Then I noticed I wasn’t getting hurt anymore. Not even a scratch. And I started having dreams whenever the moon was full—dreams of changing into something fierce and powerful, getting free of everything, and running through the night.
Afterward, in the mornings, I’d find dirt under my fingernails, and sometimes blood. But that’s all I thought it was for a long time—just dreams.
Last full moon, though, I finally figured everything out. It was great. I could do stuff I’d only dared to think about before, and nothing could touch me. Not even the bullets.

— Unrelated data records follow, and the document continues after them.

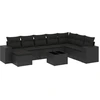Image de vidaXL Ensemble de salon de jardin 9 pièces avec coussins noir poly rotin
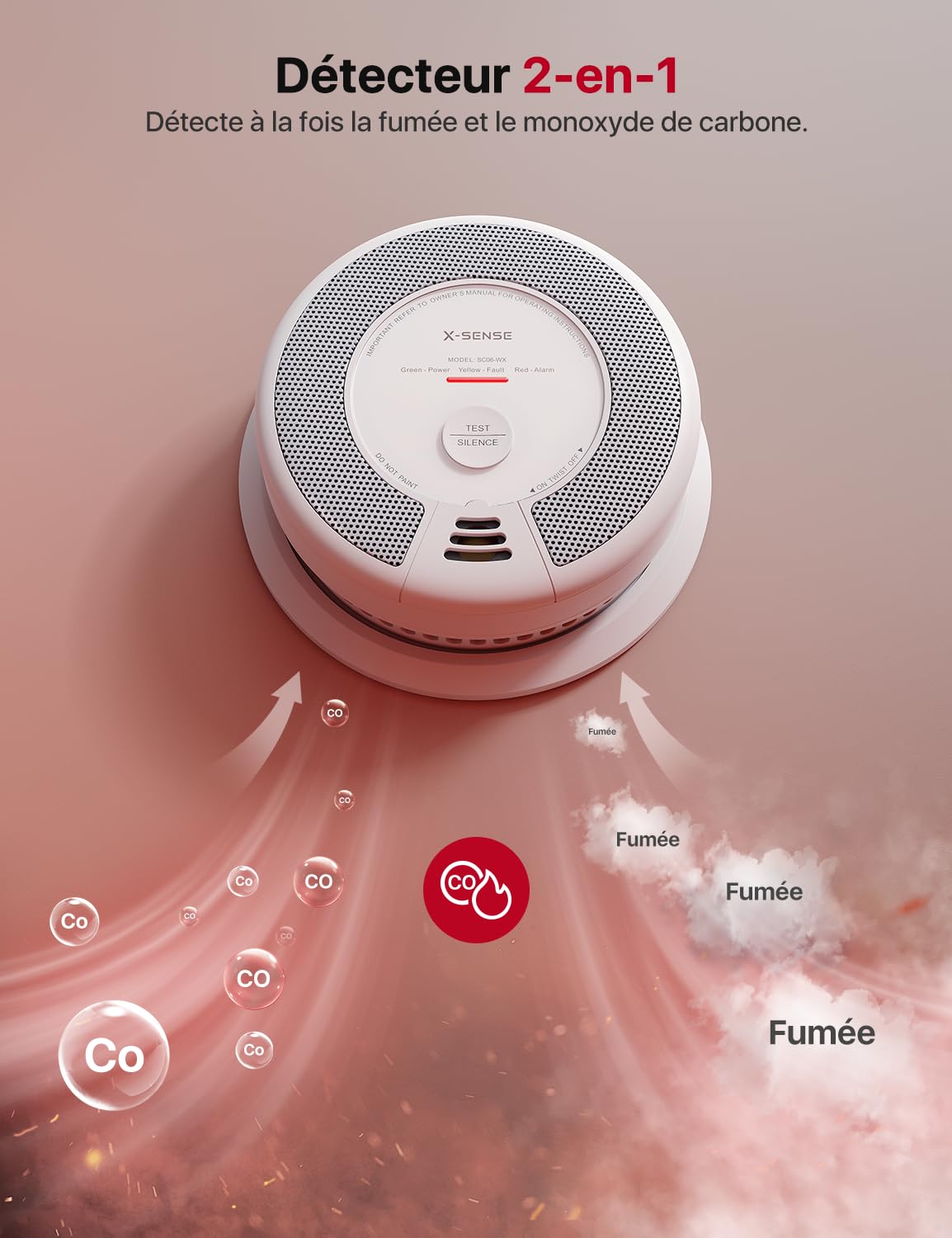 X-Sense Wi-FI Détecteur de Fumée et de Monoxyde de Carbone Connecté avec Pile remplaçable, Détecteur Combiné Intelligent Compatible avec l’Application X-Sense Home Security, SC06-WX, Lot de 1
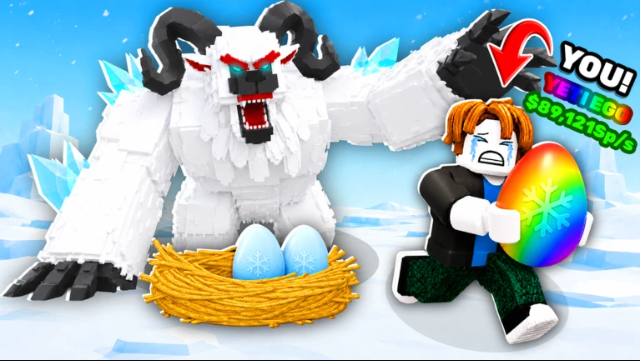 Steal An Egg game artwork showing a Yeti, nest eggs and a player carrying an egg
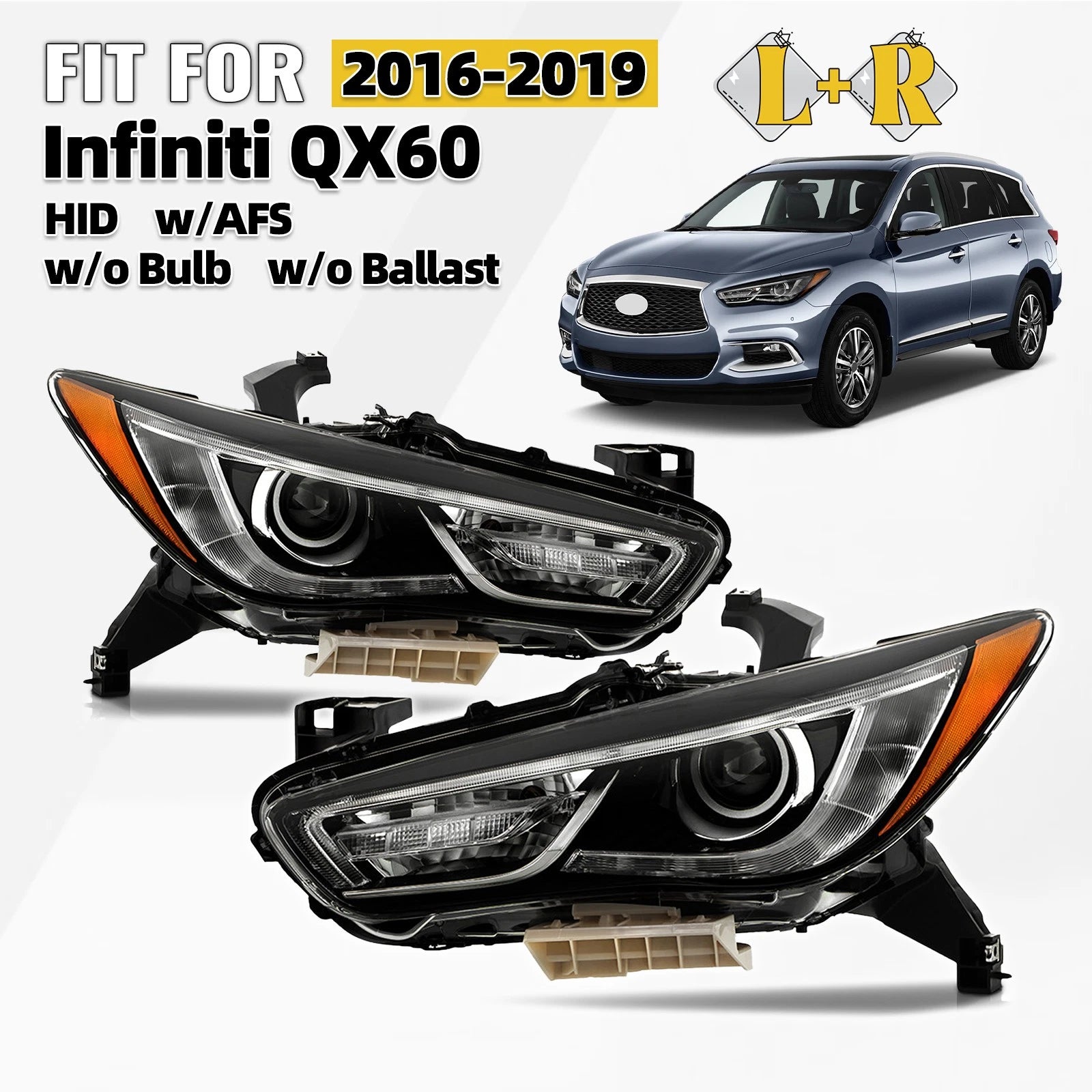 HID Headlight for Infiniti QX60 (2016–2019) AFS Left+Right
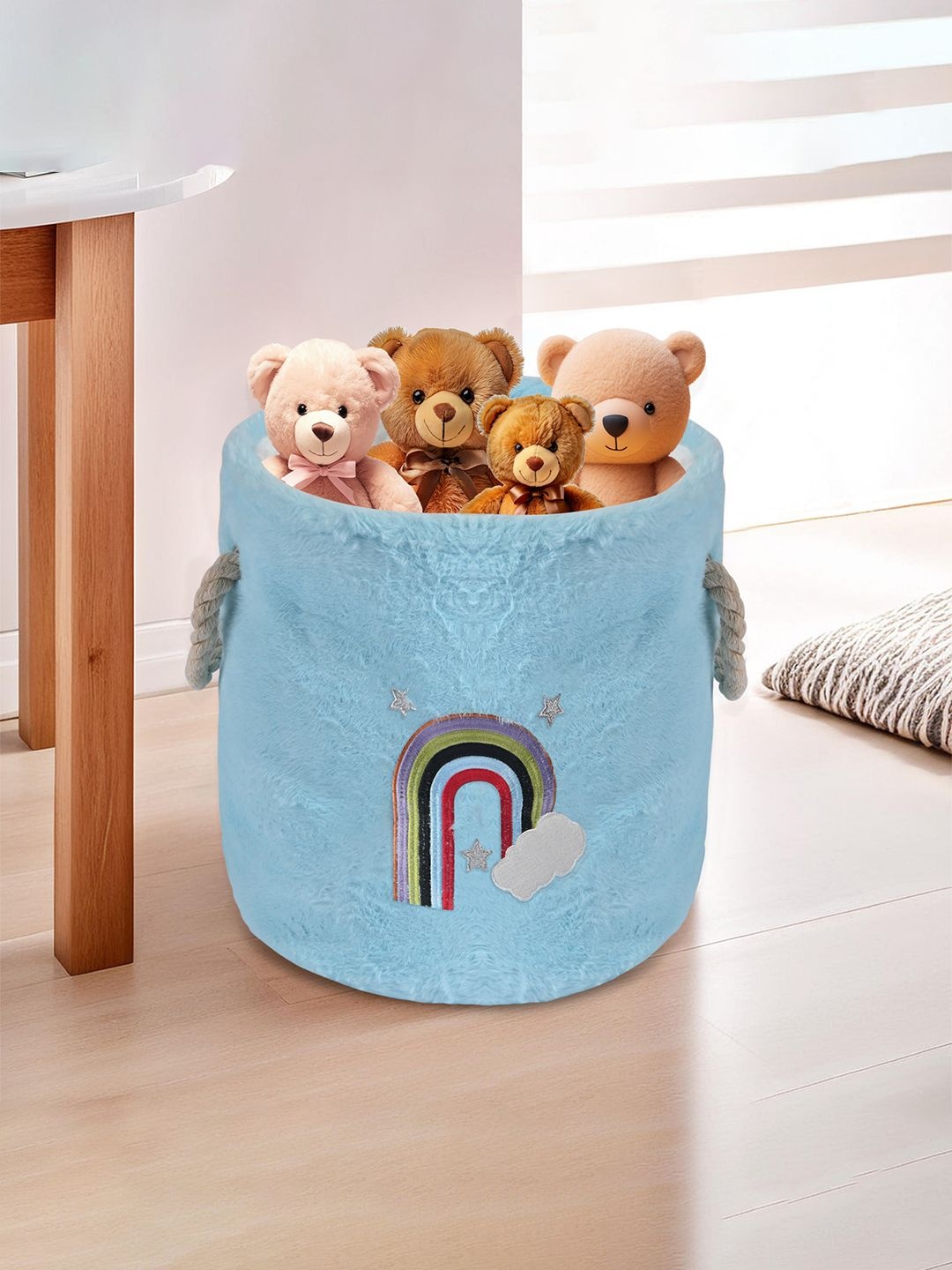

Kuber Industries Blue & Red 5 Pcs Self Design Tote Basket for Storage Organisers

It was like being immortal, it was like having the power of life and death…it was the best thing in the world, and I had it.
And I used it, too. Remember those stories on TV about the jogger who got torn up by a wild animal, right in the middle of town? The police never did figure out what happened.
But I knew.
The change must have come from that transfusion I got—the donor must have been a werewolf like me. Someday I’m going to donate blood myself, just to pass the favor along.
But first I’m going to disappear, because high school is no place for a full-time manhunter. Tomorrow night’s the full moon. By morning, you’ll be just another bunch of backpackers who got careless and never came back.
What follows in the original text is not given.